_EXERCISE PROMPT_. If pictures appear among the lines below, leave them out while you return exactly the lines from the one with "Photo - 101/28" through the one with "Flor Beige con".

_DATA FOR ANALYSIS_.
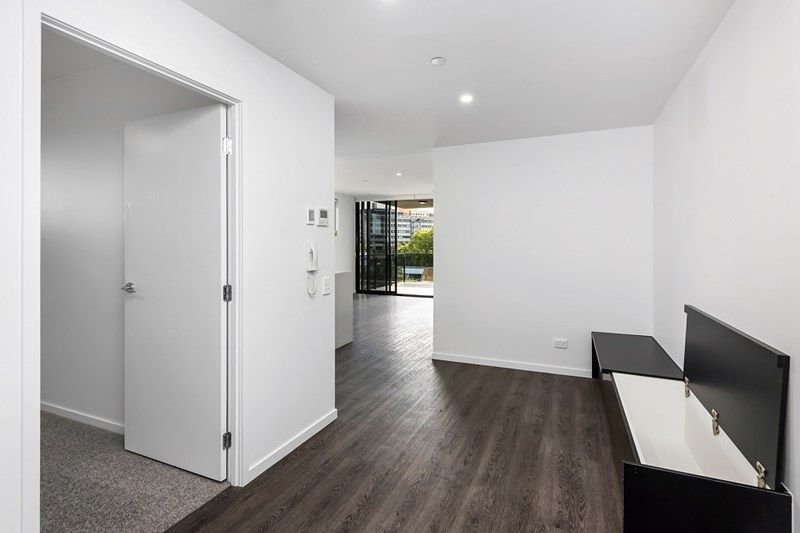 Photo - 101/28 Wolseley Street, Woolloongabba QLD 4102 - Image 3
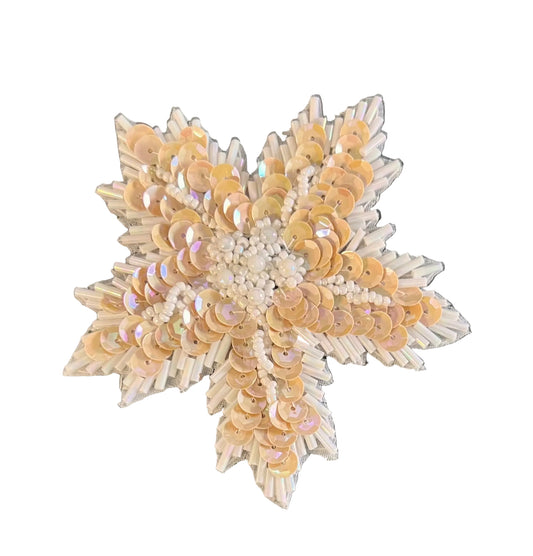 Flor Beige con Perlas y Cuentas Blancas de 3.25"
--
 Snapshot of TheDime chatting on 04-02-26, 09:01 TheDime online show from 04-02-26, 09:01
...
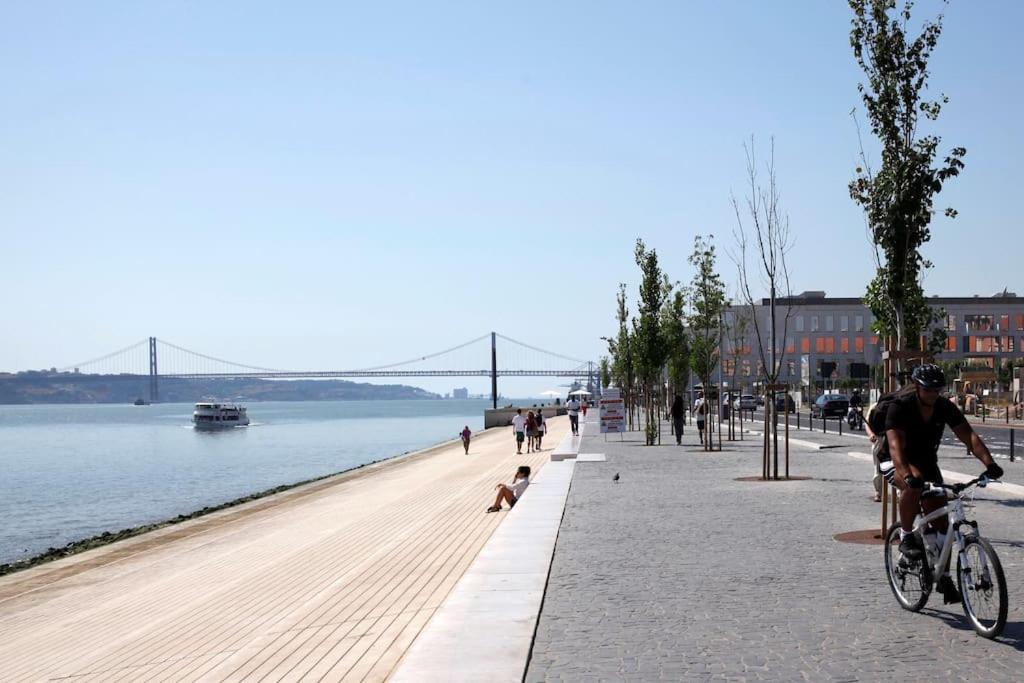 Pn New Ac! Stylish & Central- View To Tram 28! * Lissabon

_THE COMPLETED TASK_.
 Photo - 101/28 Wolseley Street, Woolloongabba QLD 4102 - Image 3
 Flor Beige con Perlas y Cuentas Blancas de 3.25"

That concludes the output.